Short descriptive text snippets
━━━━━━━━━━━━━━━━━━━━━━━━━━━━━━
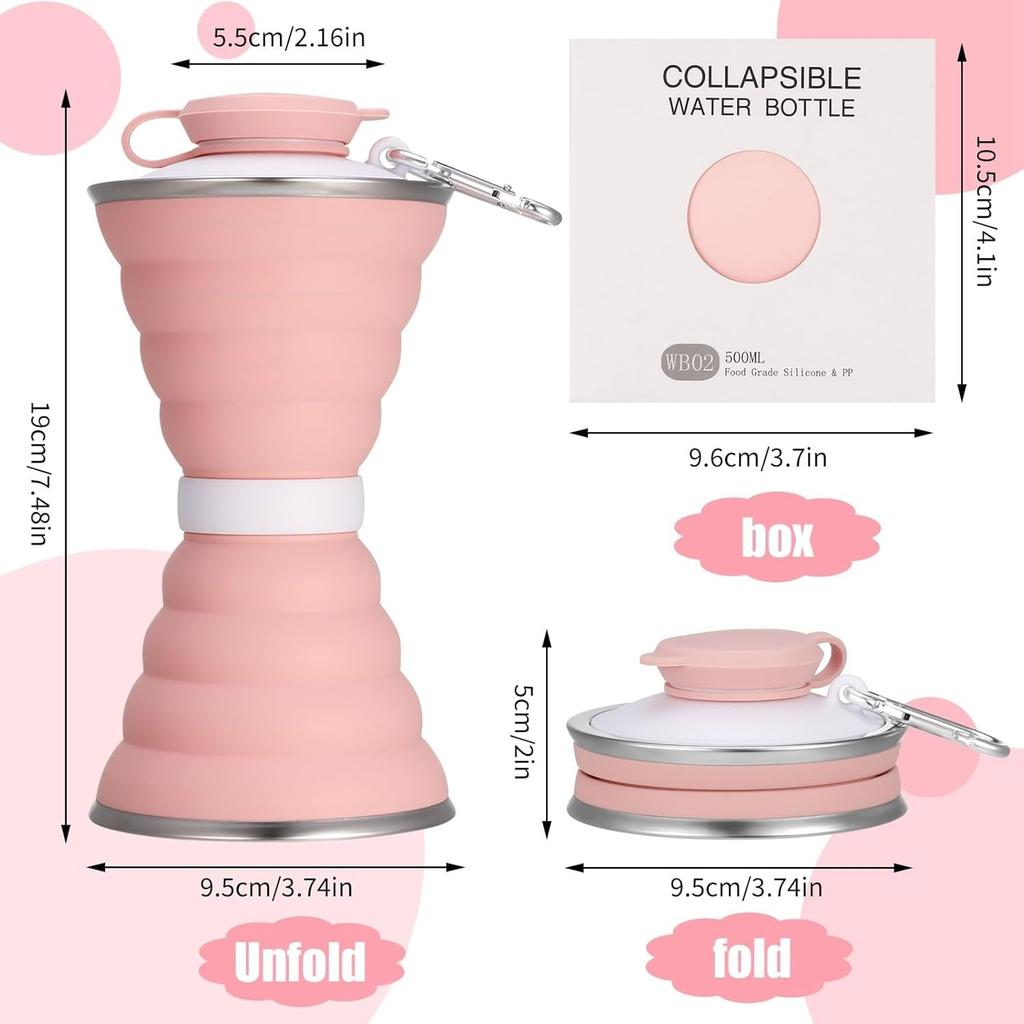 2 Pcs Collapsible Water Bottle, 500ml Silicone Portable Travel Water Bottle Leak-Proof Reusable Foldable Cup with Carabiner and Strap for Sports Gym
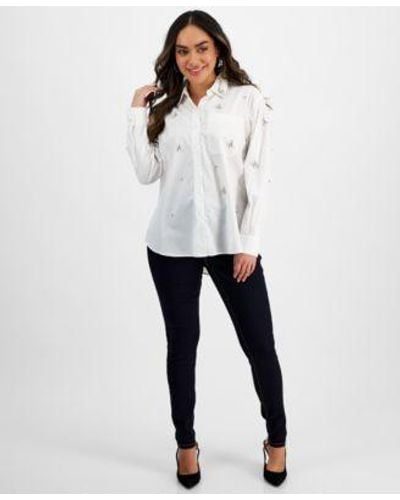 INC International Concepts Petite Rhinestone Embellished Button Down Top Solid Skinny Leg Pants Created For Macys - White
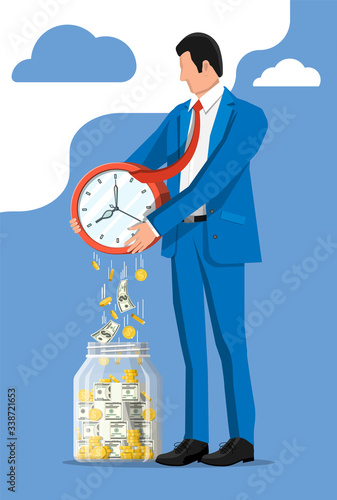 Glass money jar, gold coins banknotes falling from clocks. Saving dollar coin in moneybox. Growth income, savings, investment. Banking, time is money. Wealth business success. Flat vector illustration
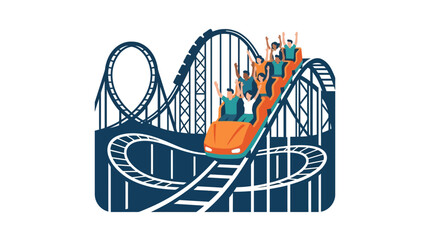 Group of excited people riding a colorful roller coaster. © Parvez_Nasiruddin
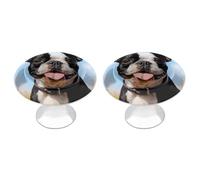 FodPand 2 Pack Cabinet Knobs 1.1 Inch Single Hole Drawer Pulls Handles Decorative Lovely Boston Terrier Furniture Knobs for Dresser Kitchen Bathroom Cupboard Wardrobe Vanity Closet Door Hardware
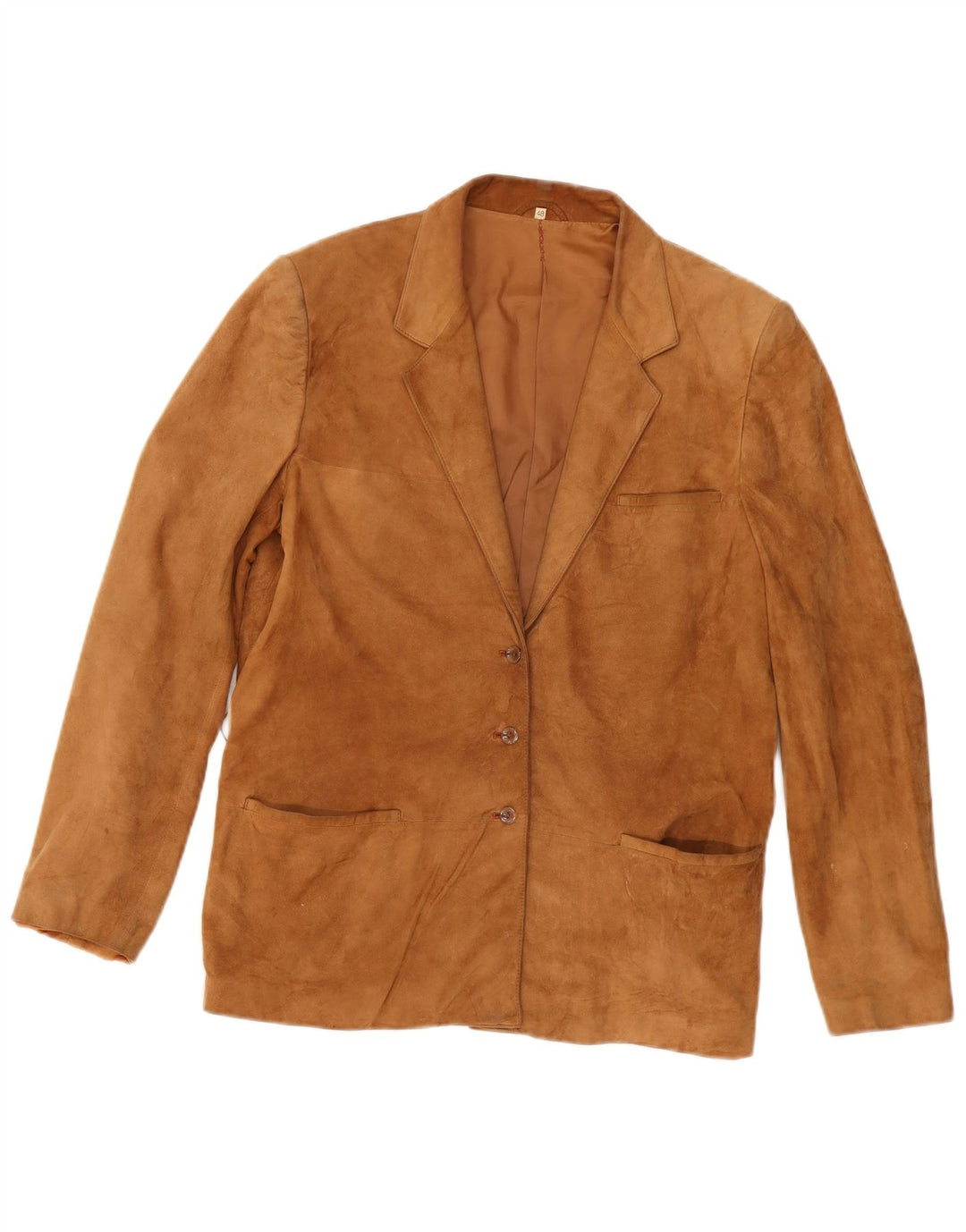Vintage dame 3-knaps ruskindsblazerjakke IT 48 XL beige læder
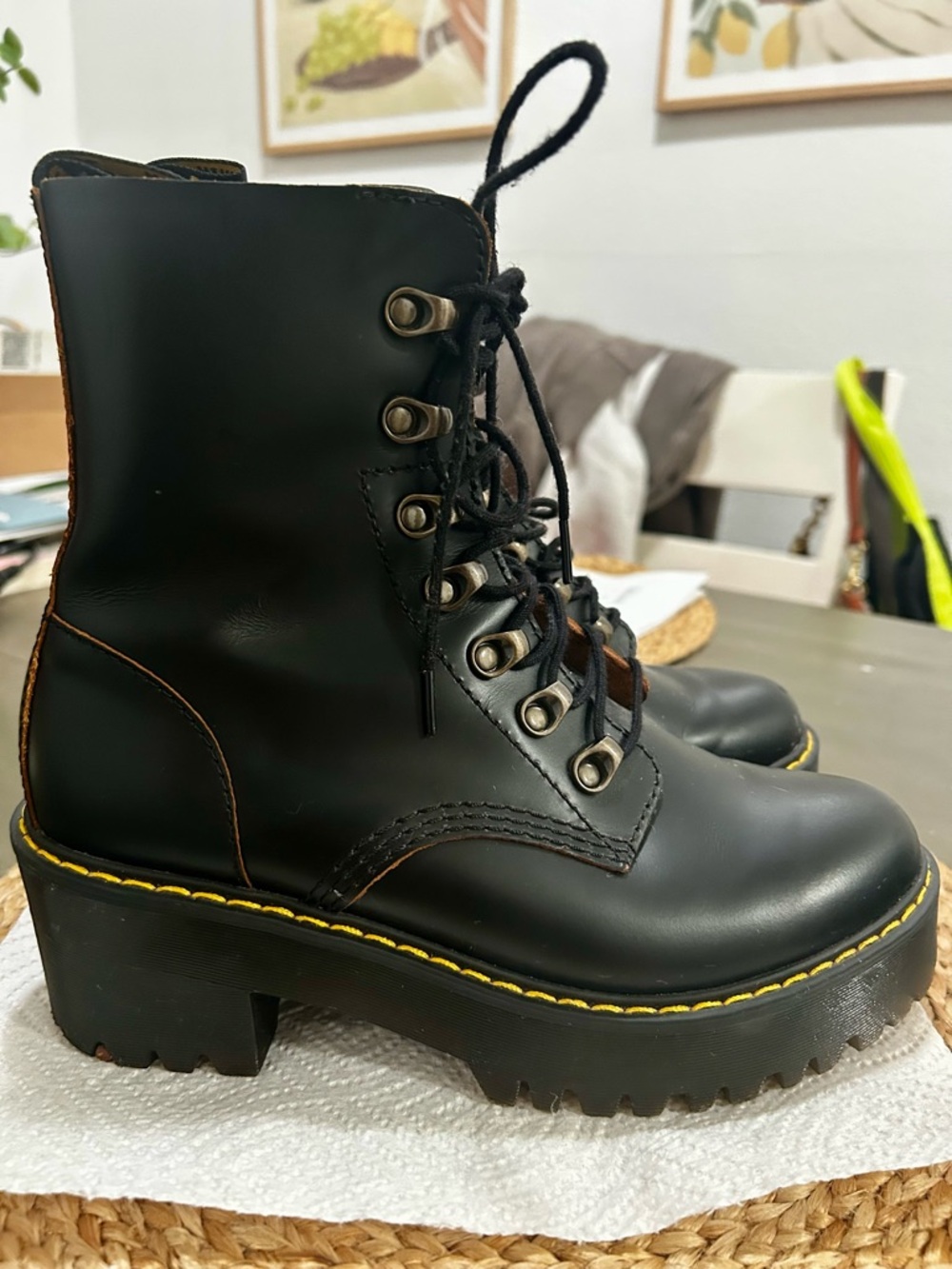 Dr. Martens Black Leather Platform Lace-Up Combat Boots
━━━━━━━━━━━━━━━━━━━━━━━━━━━━━━
■ Prompt
Please return the lines from the line with "Group of excited" through the last line of the data, both included, exactly, and without pictures.

■ Answer space
 Group of excited people riding a colorful roller coaster. © Parvez_Nasiruddin
 FodPand 2 Pack Cabinet Knobs 1.1 Inch Single Hole Drawer Pulls Handles Decorative Lovely Boston Terrier Furniture Knobs for Dresser Kitchen Bathroom Cupboard Wardrobe Vanity Closet Door Hardware
Vintage dame 3-knaps ruskindsblazerjakke IT 48 XL beige læder
 Dr. Martens Black Leather Platform Lace-Up Combat Boots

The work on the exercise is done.